Explains how to install these two modules for supporting Java in the Apache environment.

Chapter 19

Explains how to use XML in conjunction with Apache and how to install and configure the Cocoon set of tools for presenting XML content.

Chapter 20

Explores the foundations of the Apache 2.0 API.

Chapter 21

Describes how to create Apache modules using the Apache 2.0 Apache Portable Runtime, including how to port modules from 1.3 to 2.0.

Appendix A

Describes pools; per-server, per-directory, and per-request information; functions; warnings; and parsing.

In addition, the Apache Quick Reference Card provides an outline of Apache 1.3 and 2.0 syntax.

Acknowledgments

First, thanks to Robert S. Thau, who gave the world the Apache API and the code that implements it, and to the Apache Group, who worked on it before and have worked on it since. Thanks to Eric Young and Tim Hudson for giving SSLeay to the Web.

Thanks to Bryan Blank, Aram Mirzadeh, Chuck Murcko, and Randy Terbush, who read early drafts of the first edition text and made many useful suggestions; and to John Ackermann, Geoff Meek, and Shane Owenby, who did the same for the second edition.

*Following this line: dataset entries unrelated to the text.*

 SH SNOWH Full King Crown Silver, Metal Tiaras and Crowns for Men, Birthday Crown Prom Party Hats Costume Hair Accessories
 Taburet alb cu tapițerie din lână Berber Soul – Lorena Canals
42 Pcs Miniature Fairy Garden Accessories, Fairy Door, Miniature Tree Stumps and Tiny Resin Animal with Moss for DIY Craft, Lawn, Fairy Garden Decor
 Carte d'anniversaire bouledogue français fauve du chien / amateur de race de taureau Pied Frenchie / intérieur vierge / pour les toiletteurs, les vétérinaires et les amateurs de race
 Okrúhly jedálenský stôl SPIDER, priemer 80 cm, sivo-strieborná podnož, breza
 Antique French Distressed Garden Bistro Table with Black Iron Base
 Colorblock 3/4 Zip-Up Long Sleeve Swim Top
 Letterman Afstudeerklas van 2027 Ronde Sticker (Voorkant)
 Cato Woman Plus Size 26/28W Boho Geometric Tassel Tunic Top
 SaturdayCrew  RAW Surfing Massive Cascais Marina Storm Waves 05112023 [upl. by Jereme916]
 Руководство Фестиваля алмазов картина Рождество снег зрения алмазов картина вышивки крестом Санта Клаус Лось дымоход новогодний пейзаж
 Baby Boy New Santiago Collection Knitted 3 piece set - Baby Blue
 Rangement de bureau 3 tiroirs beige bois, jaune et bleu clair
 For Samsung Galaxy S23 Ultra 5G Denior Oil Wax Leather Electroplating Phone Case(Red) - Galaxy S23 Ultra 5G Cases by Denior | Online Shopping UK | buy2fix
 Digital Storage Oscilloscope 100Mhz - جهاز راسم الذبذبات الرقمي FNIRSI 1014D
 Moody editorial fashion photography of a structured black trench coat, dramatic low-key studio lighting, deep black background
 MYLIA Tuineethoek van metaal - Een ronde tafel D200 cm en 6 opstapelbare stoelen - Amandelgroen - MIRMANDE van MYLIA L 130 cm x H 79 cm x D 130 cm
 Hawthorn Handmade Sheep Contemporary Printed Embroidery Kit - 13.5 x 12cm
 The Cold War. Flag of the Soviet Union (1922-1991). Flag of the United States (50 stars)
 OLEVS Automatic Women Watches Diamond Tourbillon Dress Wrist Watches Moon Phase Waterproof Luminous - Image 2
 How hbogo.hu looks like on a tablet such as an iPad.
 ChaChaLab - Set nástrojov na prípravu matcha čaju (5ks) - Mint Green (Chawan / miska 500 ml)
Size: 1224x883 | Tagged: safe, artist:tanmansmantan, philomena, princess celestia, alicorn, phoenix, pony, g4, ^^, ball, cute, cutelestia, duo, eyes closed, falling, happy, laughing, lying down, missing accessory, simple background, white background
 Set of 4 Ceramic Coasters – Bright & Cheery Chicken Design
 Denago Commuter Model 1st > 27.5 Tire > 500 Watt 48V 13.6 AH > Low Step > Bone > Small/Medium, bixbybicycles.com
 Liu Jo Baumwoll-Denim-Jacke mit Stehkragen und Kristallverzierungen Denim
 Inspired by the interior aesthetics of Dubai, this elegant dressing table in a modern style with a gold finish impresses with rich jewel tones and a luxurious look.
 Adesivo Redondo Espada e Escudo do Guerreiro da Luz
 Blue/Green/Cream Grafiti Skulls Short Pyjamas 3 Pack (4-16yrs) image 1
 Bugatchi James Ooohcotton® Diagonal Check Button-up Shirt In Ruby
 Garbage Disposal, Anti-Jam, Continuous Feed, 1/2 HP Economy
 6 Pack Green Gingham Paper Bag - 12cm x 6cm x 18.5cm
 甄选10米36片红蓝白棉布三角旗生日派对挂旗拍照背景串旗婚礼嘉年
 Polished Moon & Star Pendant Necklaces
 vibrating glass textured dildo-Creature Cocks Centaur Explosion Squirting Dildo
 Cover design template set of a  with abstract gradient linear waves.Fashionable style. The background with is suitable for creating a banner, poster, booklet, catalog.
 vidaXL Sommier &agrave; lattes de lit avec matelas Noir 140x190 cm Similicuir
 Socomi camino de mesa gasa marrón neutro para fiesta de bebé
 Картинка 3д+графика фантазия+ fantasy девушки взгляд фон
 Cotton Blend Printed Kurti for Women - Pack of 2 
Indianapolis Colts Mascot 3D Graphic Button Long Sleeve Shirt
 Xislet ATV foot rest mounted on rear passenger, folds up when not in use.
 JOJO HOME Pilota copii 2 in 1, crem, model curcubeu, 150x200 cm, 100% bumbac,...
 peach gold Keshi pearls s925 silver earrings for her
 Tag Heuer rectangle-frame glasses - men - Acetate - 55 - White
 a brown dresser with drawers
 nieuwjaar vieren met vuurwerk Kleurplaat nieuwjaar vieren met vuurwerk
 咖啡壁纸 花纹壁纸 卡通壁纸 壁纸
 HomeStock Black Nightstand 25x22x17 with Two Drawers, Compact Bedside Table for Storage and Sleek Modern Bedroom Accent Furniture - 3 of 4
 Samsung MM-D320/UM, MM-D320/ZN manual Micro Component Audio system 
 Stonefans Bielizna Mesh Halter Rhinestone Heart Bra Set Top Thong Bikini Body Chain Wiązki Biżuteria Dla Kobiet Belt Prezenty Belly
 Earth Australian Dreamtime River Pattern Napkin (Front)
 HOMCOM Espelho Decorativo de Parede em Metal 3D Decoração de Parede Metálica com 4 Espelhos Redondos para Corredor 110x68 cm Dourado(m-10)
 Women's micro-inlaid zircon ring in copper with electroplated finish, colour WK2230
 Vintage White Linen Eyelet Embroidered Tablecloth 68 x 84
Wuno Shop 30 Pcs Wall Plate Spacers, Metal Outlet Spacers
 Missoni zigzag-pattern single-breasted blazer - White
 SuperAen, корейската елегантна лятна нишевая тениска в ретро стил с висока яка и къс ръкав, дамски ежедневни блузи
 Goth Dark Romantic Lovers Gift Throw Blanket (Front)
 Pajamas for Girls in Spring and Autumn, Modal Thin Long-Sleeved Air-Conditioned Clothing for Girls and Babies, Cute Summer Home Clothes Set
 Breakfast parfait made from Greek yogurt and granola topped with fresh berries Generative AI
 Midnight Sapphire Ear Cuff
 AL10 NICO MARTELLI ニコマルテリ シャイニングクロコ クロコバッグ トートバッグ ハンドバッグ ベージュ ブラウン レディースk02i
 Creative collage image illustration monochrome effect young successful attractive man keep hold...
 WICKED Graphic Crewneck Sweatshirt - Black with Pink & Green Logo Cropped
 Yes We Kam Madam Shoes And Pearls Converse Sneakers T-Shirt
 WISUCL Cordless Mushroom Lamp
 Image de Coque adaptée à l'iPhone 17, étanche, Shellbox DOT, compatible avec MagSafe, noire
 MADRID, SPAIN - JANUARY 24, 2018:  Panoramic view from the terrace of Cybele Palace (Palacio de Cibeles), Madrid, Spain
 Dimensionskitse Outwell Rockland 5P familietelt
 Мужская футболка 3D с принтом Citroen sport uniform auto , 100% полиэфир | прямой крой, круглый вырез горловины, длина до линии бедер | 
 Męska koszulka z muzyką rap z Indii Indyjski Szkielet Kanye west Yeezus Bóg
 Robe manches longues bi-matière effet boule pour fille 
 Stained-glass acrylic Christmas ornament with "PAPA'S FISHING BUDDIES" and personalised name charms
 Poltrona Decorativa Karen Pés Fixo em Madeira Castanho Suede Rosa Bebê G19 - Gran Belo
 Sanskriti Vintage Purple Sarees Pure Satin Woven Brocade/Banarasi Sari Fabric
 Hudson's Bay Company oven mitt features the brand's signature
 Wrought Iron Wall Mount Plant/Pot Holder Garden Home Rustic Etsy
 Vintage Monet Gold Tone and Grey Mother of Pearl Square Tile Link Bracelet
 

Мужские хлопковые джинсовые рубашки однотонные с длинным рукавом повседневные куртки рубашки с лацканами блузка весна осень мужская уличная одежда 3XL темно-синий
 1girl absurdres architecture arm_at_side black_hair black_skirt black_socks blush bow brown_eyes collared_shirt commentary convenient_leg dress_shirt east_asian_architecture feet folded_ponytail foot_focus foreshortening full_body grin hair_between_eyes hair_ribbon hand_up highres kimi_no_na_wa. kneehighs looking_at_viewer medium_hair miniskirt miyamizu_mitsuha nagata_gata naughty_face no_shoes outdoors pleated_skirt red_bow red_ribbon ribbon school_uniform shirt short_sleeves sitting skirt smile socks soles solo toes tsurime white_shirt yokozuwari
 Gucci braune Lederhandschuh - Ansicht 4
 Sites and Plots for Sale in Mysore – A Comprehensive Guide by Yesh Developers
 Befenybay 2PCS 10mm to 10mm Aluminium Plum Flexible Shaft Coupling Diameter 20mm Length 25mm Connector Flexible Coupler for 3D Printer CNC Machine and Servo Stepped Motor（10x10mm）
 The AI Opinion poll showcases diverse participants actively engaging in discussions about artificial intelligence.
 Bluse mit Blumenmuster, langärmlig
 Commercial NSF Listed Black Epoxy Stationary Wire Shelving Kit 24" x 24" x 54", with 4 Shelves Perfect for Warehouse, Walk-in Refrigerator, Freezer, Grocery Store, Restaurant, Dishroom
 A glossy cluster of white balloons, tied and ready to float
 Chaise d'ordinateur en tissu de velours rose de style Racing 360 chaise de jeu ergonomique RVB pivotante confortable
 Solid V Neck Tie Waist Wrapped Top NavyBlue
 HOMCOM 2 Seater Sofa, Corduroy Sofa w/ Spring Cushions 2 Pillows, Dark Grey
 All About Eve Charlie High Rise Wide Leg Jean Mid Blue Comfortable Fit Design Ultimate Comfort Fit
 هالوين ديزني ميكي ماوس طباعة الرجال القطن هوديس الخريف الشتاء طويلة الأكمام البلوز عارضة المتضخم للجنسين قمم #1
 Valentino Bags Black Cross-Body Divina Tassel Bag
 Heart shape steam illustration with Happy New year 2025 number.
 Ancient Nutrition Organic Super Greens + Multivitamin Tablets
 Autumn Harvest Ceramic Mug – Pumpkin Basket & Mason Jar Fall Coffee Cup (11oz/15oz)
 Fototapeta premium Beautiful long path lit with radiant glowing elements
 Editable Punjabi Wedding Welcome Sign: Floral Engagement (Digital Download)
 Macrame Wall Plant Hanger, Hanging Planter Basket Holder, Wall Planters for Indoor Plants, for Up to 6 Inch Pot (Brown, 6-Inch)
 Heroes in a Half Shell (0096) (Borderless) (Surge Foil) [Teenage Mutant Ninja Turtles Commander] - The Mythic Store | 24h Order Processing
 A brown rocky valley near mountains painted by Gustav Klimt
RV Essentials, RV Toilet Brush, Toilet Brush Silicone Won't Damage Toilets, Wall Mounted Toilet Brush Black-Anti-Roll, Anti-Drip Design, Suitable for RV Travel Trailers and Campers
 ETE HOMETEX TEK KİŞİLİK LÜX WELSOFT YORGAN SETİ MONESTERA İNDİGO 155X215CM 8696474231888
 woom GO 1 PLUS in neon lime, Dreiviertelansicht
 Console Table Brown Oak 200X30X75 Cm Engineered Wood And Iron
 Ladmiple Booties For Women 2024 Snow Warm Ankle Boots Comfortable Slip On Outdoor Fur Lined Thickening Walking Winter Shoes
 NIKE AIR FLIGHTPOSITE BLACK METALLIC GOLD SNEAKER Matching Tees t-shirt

For the third edition, we would like to thank our reviewers Evelyn Mitchell, Neil Neely, Lemon, Dirk-Willem van Gulik, Richard Sonnen, David Reid, Joe Johnston, Mike Stok, and Steven Champeon.

We would also like to offer special thanks to Andrew Ford for giving us permission to reprint his Apache Quick Reference Card.

Many thanks to Simon St.Laurent, our editor at O'Reilly, who patiently turned our text into a book — again. The two layers of blunders that remain are our own contribution.

And finally, thanks to Camilla von Massenbach and Barbara Laurie, who have continued to put up with us while we rewrote this book.